- **REQUIRED WORK**: Your response should contain exactly the lines running from the one with "Gucci Covered Wool" to the end of the data below, both included, and no pictures.

Caption-style text data:
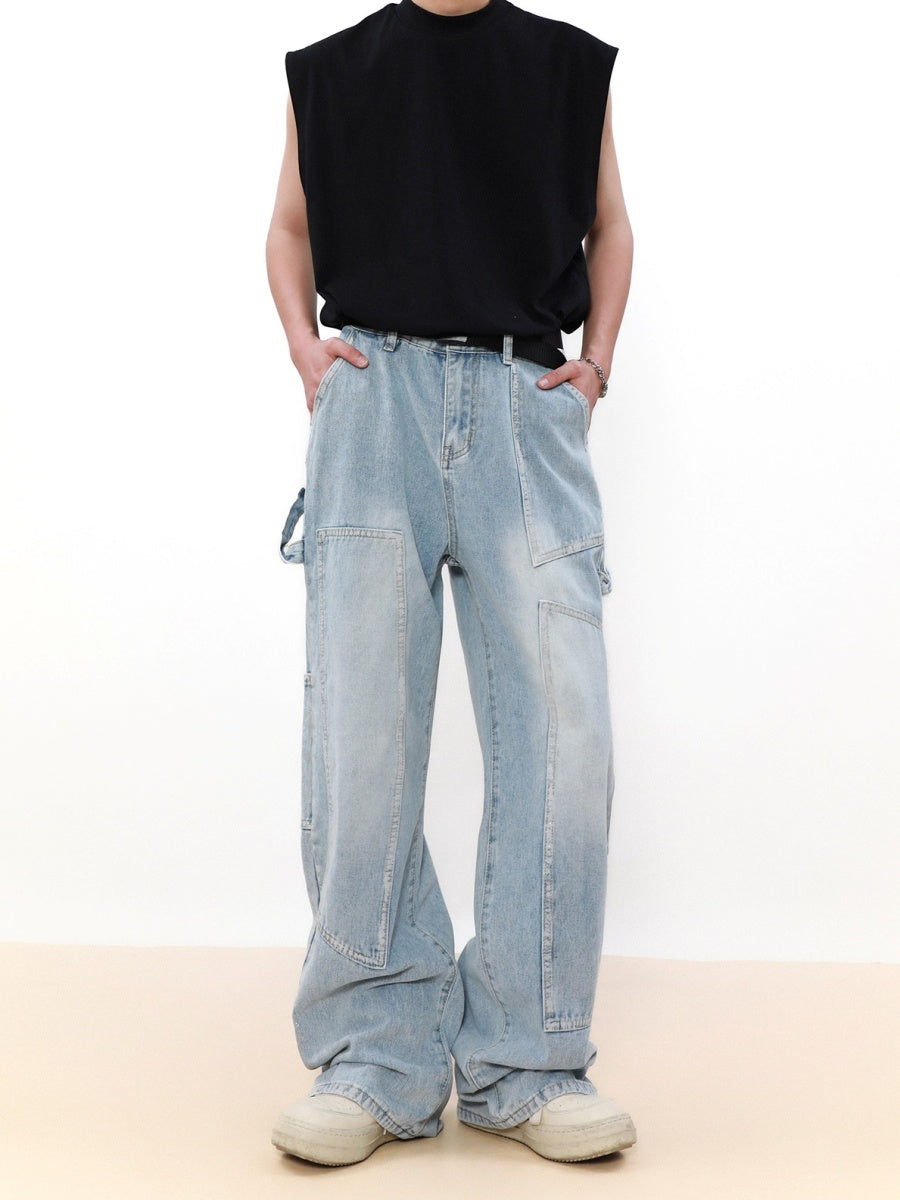 Retro Wash Spliced Loose Baker Jeans MB7053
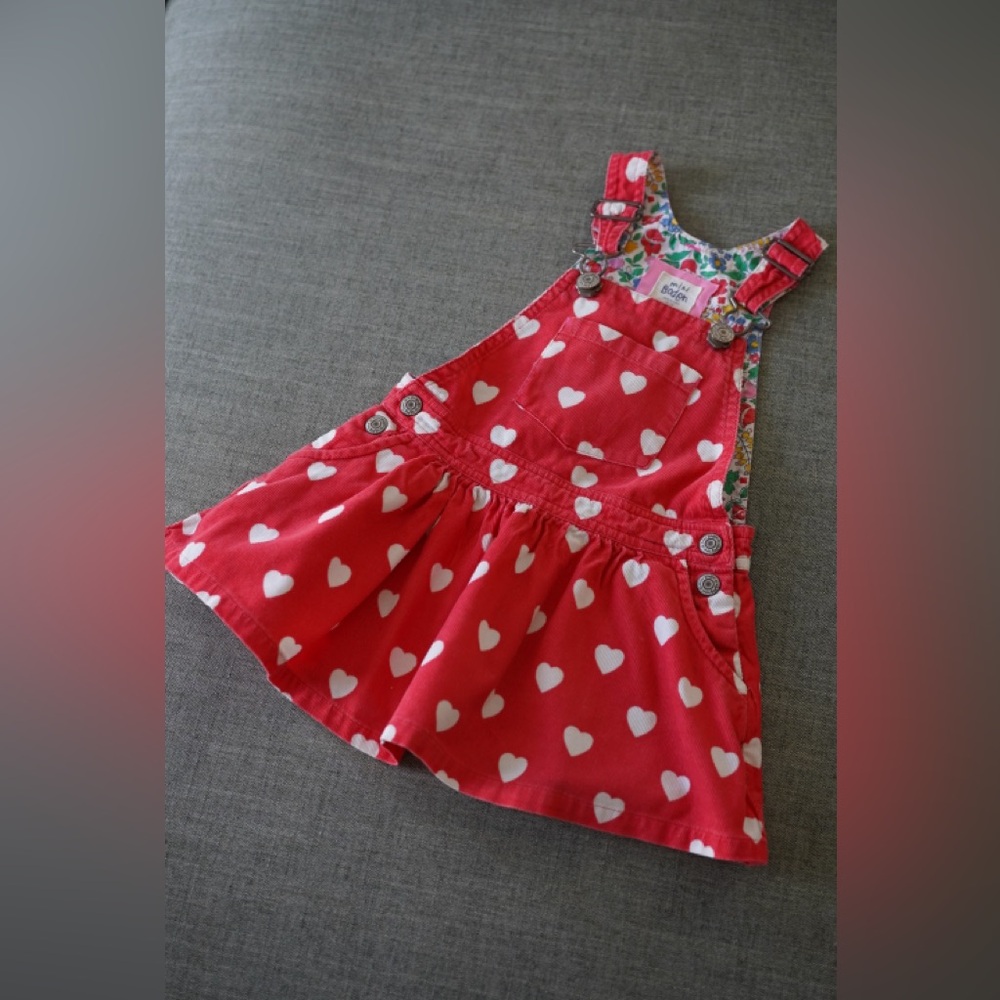 Mini Biden Pink Corduroy Overalls Dress in Heart Print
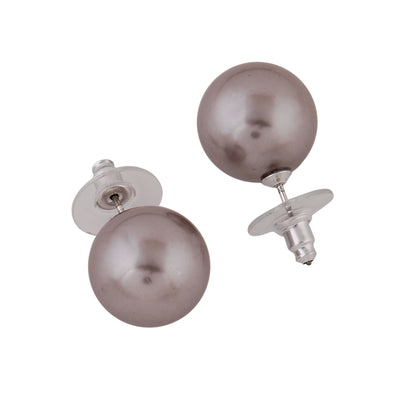 Estele Rhodium Plated Gorgeous Pearl Stud Earrings for Women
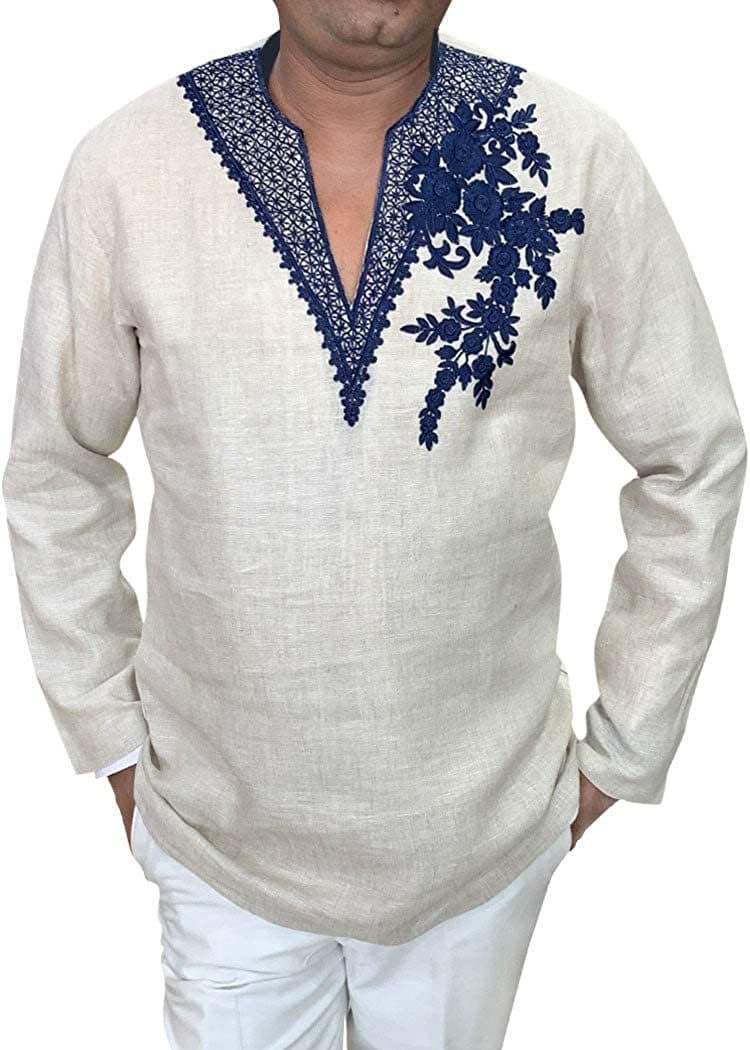 Embroidered V Neck Natural Mens Tunics Linen kurta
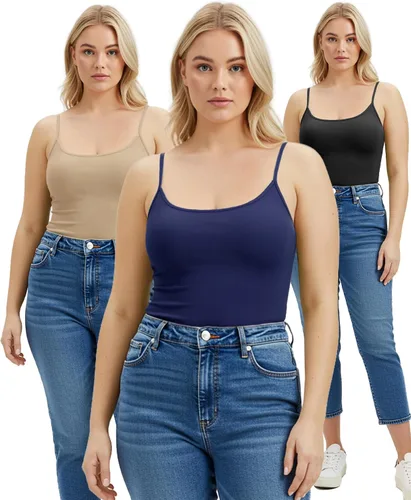 Miniatura 231 de Emmalise Camisola larga casual básica para mujer, con tirantes ajustables, top en capas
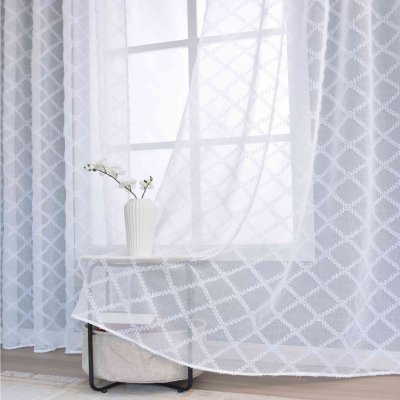 -2023430- Natur HxB 245x145 cm Gardine Diamond »VALENCIA« Multiband Scherli Transparent Leinen-Optik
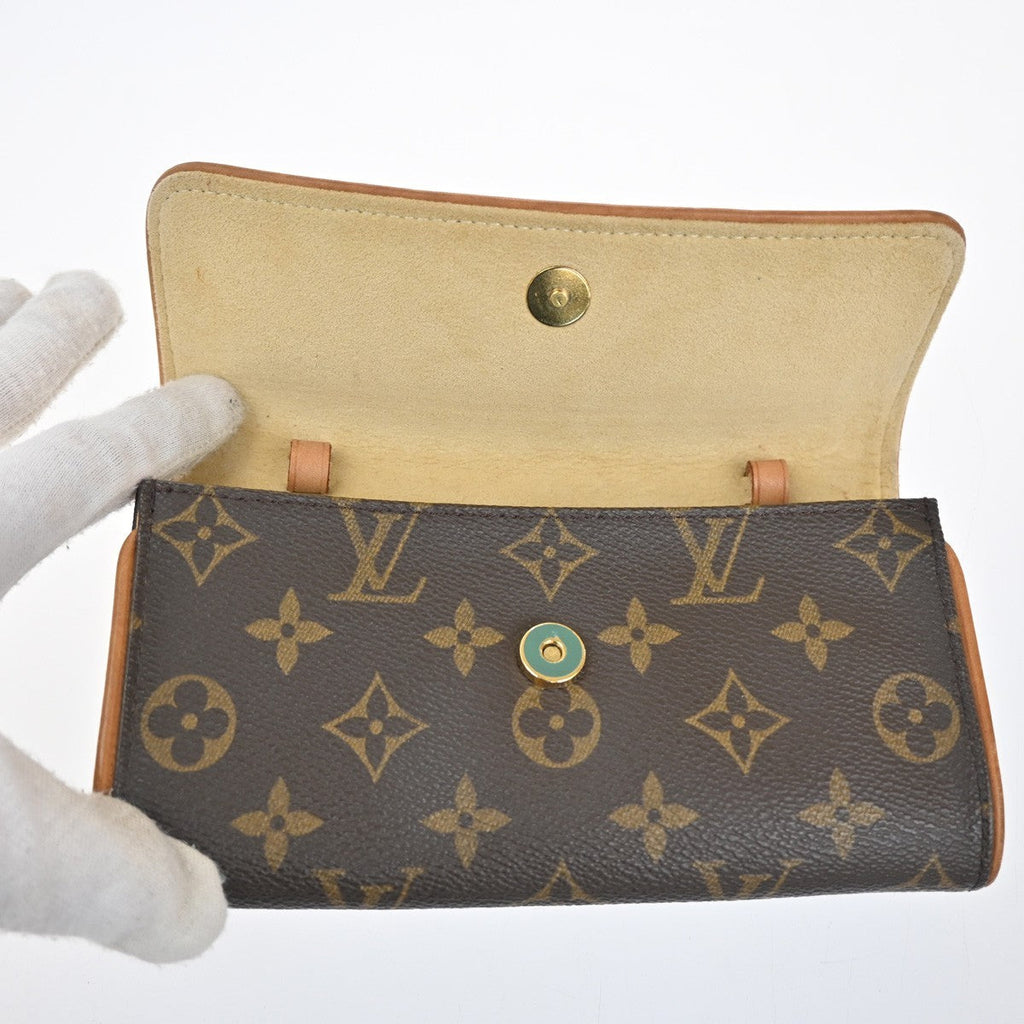 Louis Vuitton Twin Handbag Monogram Canvas Brown Canvas Clutche & Pouche Bag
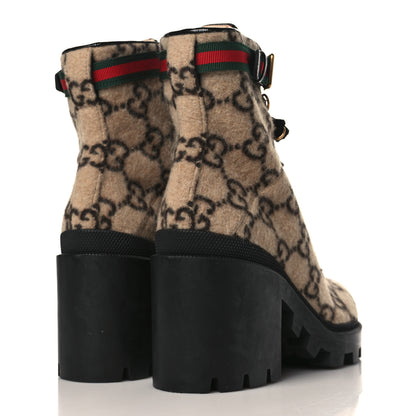 Gucci Covered Wool GG Monogram Womens Lace Up Combat Ankle Boots 40 Beige Ebony Black 4 of 10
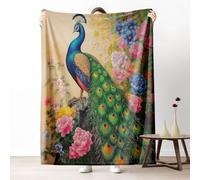 Sshjfeu Plaid Polaire Paon Élégant Oiseaux, Couverture Moelleuse Flanelle, Floral Pivoine Tropicaux Exotique Couverture Lit Jeté de Canapé, Légère et Doux, pour Cadeau Enfant Ado, 120x160 cm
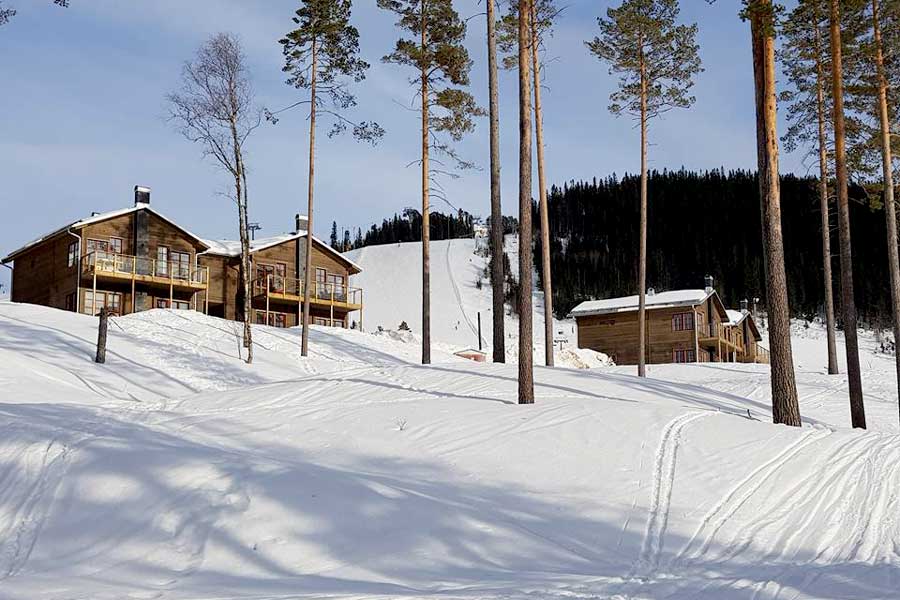 Uitzicht op de Gullbrändan appartementen in Kläppen, Zweden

- **RESPONSE**:
 Gucci Covered Wool GG Monogram Womens Lace Up Combat Ankle Boots 40 Beige Ebony Black 4 of 10
 Sshjfeu Plaid Polaire Paon Élégant Oiseaux, Couverture Moelleuse Flanelle, Floral Pivoine Tropicaux Exotique Couverture Lit Jeté de Canapé, Légère et Doux, pour Cadeau Enfant Ado, 120x160 cm
 Uitzicht op de Gullbrändan appartementen in Kläppen, Zweden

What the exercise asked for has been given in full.